This commit also updates the tests and implementations of built-in
interpolation functions to take and return native lists where
appropriate.
A backwards compatibility note: previously the concat interpolation
function was capable of concatenating either strings or lists. The
strings use case was deprectated a long time ago but still remained.
Because we cannot return `ast.TypeAny` from an interpolation function,
this use case is no longer supported for strings - `concat` is only
capable of concatenating lists. This should not be a huge issue - the
type checker picks up incorrect parameters, and the native HIL string
concatenation - or the `join` function - can be used to replicate the
missing behaviour.
This changes the representation of maps in the interpolator from the
dotted flatmap form of a string variable named "var.variablename.key"
per map element to use native HIL maps instead.

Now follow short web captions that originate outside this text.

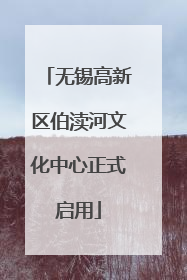 无锡高新区伯渎河文化中心正式启用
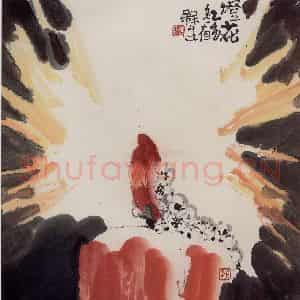 1995年 赵梅生《灯花》国画花鸟写意作品图片鉴赏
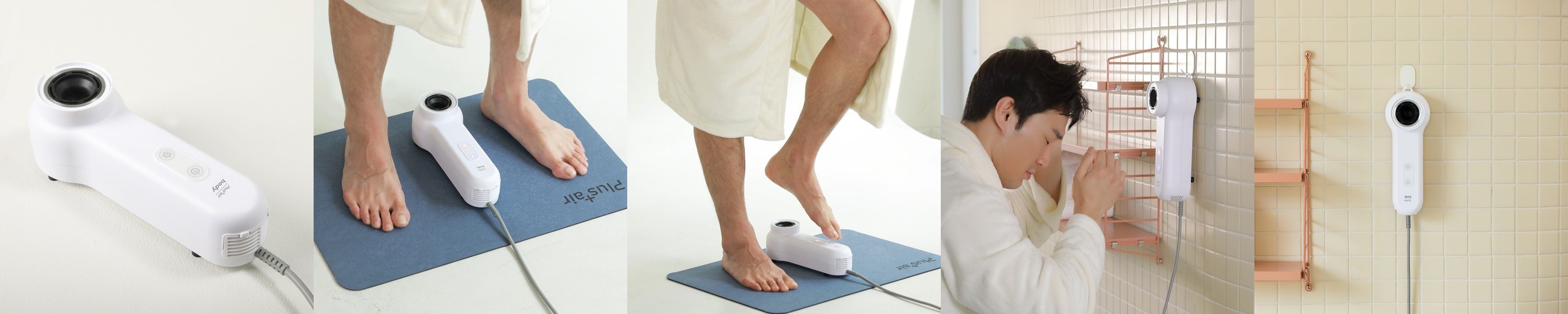 파세코 바디 드라이어 전신 에어샤워 PBD-MT9130W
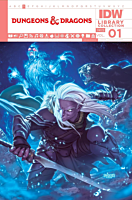 Dungeons & Dragons - IDW Library Collection Volume 01 Trade Paperback Book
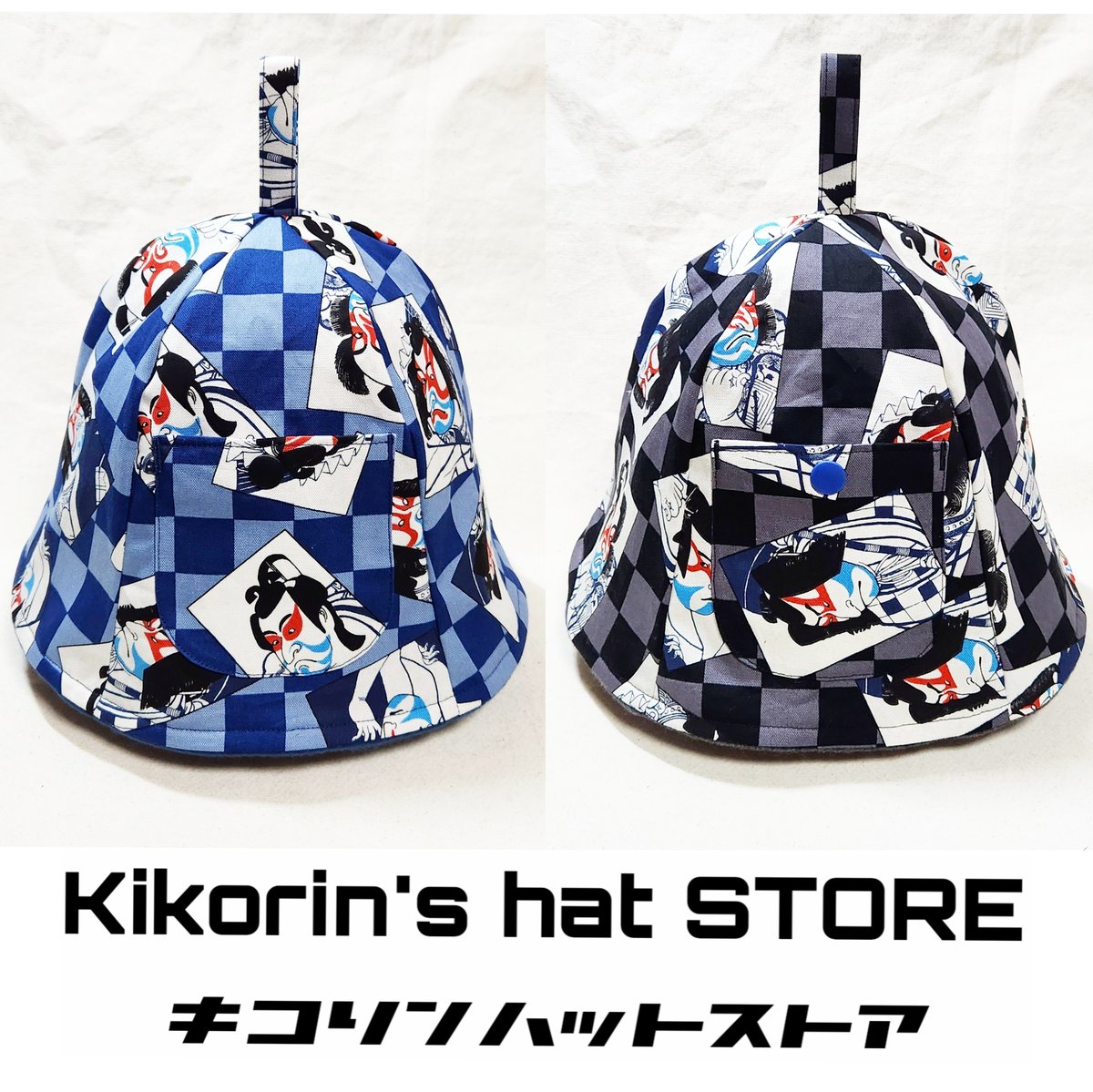 サウナハット☆歌舞伎絵☆2カラー | SAUNA HAT kikorin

This involves porting some of the interpolation functions in order to
keep the tests green, and adding support for map outputs.
There is one backwards incompatibility: as a result of an implementation
detail of maps, one could access an indexed map variable using the
syntax "${var.variablename.key}".
This is no longer possible - instead HIL native syntax -
"${var.variablename["key"]}" must be used. This was previously
documented, (though not heavily used) so it must be noted as a backward
compatibility issue for Terraform 0.7.
* core: Add support for marking outputs as sensitive
This commit allows an output to be marked "sensitive", in which case the
value is redacted in the post-refresh and post-apply list of outputs.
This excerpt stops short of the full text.